::: STORED DATA

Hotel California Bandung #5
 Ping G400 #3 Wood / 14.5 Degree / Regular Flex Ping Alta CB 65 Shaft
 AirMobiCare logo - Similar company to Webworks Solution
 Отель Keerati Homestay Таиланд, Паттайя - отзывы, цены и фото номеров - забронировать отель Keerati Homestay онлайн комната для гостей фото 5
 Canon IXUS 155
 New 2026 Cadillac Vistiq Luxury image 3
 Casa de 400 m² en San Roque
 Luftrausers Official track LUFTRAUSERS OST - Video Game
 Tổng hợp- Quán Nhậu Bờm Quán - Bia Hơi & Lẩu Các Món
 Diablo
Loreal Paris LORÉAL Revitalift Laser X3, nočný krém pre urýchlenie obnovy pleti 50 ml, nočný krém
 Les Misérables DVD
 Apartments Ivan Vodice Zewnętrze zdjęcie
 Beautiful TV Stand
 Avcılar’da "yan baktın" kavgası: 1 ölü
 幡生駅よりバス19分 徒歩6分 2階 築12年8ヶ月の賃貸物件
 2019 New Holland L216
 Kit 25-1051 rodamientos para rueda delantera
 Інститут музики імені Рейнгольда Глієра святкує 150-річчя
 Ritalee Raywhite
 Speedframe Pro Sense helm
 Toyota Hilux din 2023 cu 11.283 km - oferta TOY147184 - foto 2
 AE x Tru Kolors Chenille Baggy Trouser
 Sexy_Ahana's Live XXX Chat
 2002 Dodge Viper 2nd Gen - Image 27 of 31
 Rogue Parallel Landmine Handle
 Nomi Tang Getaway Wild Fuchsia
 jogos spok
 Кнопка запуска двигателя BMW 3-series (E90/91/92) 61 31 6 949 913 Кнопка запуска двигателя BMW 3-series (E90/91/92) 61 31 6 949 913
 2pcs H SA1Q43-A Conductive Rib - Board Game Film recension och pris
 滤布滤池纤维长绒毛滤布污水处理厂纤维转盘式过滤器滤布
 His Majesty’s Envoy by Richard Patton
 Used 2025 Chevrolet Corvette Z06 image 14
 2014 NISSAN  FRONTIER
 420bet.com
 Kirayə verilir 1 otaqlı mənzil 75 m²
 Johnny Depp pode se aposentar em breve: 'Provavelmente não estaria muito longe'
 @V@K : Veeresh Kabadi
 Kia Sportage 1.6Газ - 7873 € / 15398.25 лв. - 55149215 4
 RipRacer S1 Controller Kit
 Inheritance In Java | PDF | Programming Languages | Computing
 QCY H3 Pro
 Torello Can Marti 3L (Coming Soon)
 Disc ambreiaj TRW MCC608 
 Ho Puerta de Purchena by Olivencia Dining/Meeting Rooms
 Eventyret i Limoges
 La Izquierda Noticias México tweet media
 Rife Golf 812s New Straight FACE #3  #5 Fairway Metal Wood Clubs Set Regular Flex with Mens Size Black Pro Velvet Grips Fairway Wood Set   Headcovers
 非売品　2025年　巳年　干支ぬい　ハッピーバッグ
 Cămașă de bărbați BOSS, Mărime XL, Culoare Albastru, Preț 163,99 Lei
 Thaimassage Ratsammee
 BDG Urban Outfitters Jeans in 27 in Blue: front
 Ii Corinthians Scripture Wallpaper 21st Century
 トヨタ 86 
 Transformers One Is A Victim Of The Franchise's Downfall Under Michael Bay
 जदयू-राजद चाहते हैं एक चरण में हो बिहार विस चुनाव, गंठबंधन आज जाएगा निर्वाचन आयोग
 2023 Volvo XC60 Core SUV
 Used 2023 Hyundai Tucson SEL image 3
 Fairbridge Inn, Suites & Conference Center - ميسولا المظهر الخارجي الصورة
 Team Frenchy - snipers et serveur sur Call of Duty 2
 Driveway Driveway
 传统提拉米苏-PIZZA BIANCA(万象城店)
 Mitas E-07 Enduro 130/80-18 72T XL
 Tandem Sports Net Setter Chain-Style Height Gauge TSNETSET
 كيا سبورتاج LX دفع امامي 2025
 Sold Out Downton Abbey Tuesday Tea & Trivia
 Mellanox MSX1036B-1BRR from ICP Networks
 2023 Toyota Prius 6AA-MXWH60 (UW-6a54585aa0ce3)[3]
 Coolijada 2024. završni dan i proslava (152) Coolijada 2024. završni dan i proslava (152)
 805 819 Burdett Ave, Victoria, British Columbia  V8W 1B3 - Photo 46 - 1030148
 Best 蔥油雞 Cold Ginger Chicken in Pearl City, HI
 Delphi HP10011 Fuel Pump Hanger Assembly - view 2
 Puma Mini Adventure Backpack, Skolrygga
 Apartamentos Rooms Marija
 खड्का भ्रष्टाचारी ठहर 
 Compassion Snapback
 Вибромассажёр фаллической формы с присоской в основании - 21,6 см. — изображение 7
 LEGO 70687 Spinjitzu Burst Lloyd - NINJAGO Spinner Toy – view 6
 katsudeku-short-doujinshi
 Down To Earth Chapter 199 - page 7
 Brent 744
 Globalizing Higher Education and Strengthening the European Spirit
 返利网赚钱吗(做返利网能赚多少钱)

::::::

Which lines above run from the one containing "Apartments Ivan Vodice Zewnętrze zdjęcie" to the one containing "非売品　2025年　巳年　干支ぬい　ハッピーバッグ"? Give them again exactly, both ends included.

-- EXERCISE ANSWER --
 Apartments Ivan Vodice Zewnętrze zdjęcie
 Beautiful TV Stand
 Avcılar’da "yan baktın" kavgası: 1 ölü
 幡生駅よりバス19分 徒歩6分 2階 築12年8ヶ月の賃貸物件
 2019 New Holland L216
 Kit 25-1051 rodamientos para rueda delantera
 Інститут музики імені Рейнгольда Глієра святкує 150-річчя
 Ritalee Raywhite
 Speedframe Pro Sense helm
 Toyota Hilux din 2023 cu 11.283 km - oferta TOY147184 - foto 2
 AE x Tru Kolors Chenille Baggy Trouser
 Sexy_Ahana's Live XXX Chat
 2002 Dodge Viper 2nd Gen - Image 27 of 31
 Rogue Parallel Landmine Handle
 Nomi Tang Getaway Wild Fuchsia
 jogos spok
 Кнопка запуска двигателя BMW 3-series (E90/91/92) 61 31 6 949 913 Кнопка запуска двигателя BMW 3-series (E90/91/92) 61 31 6 949 913
 2pcs H SA1Q43-A Conductive Rib - Board Game Film recension och pris
 滤布滤池纤维长绒毛滤布污水处理厂纤维转盘式过滤器滤布
 His Majesty’s Envoy by Richard Patton
 Used 2025 Chevrolet Corvette Z06 image 14
 2014 NISSAN  FRONTIER
 420bet.com
 Kirayə verilir 1 otaqlı mənzil 75 m²
 Johnny Depp pode se aposentar em breve: 'Provavelmente não estaria muito longe'
 @V@K : Veeresh Kabadi
 Kia Sportage 1.6Газ - 7873 € / 15398.25 лв. - 55149215 4
 RipRacer S1 Controller Kit
 Inheritance In Java | PDF | Programming Languages | Computing
 QCY H3 Pro
 Torello Can Marti 3L (Coming Soon)
 Disc ambreiaj TRW MCC608 
 Ho Puerta de Purchena by Olivencia Dining/Meeting Rooms
 Eventyret i Limoges
 La Izquierda Noticias México tweet media
 Rife Golf 812s New Straight FACE #3  #5 Fairway Metal Wood Clubs Set Regular Flex with Mens Size Black Pro Velvet Grips Fairway Wood Set   Headcovers
 非売品　2025年　巳年　干支ぬい　ハッピーバッグ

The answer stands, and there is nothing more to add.